Wednesday, January 28, 2009

The Next Generation Dilemma: Large Scale Data Analysis

Next week is the AGBT genome conference in Marco Island, Florida. At the conference we will present a poster on work we have been doing with Next Gen Sequencing data analysis. In this post we present the abstract. We'll post the poster when we return from sunny Florida.


The volumes of data that can be obtained from Next Generation DNA sequencing instruments make several new kinds of experiments possible and new questions amenable to study. The scale of subsequent analyses, however, presents a new kind of challenge. How do we get from a collection of several million short sequences of bases to genome-scale results? This process involves three stages of analysis that can be described as primary, secondary, and tertiary data analyses. At the first stage, primary data analysis, image data are converted to sequence data. In the middle stage, secondary data analysis, sequences are aligned to reference data to create application-specific data sets for each sample. In the final stage, tertiary data analysis, the data sets are compared to create experiment-specific results. Currently, the software for the primary analyses is provided by the instrument manufacturers and handled within the instrument itself, and when it comes to the tertiary analyses, many good tools already exist. However, between the primary and tertiary analyses lies a gap.
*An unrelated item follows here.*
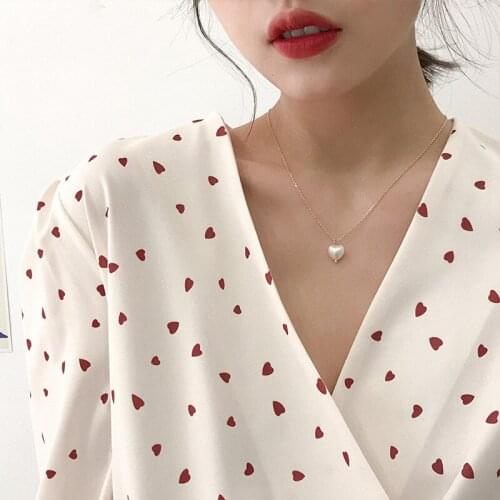 Sweet Cute Girl Elegant Pearl Heart Pattern Pendant Necklace For Women Students Fashion Party Clavicle Chain Jewelry Gifts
In RNA-Seq, the process of determining relative gene expression means that sequence data from multiple samples must go through the entire process of primary, secondary, and tertiary analysis. To do this work, researchers must puzzle through a diverse collection of early version algorithms that are combined into complicated workflows with steps producing complicated file formats. Command line tools such as MAQ, SOAP, MapReads, and BWA, have specialized requirements for formatted input and output and leave researchers with large data files that still require additional processing and formatting for tertiary analyses. Moreover, once reads are aligned, datasets need to be visualized and further refined for additional comparative analysis. We present a solution to these challenges that closes the gaps between primary, secondary, and tertiary analysis by showing results from a complete workflow system that includes data collection, processing and analysis for RNA-seq.

And, if you cannot be in sunny Florida, join us in Memphis where we will help kick off the ABRF conference with a workshop on Next Generation DNA Sequencing. I'm kicking the workshop off with a talk entitled "From Reads to Data Sets, Why Next Gen is Not Like Sanger Sequencing."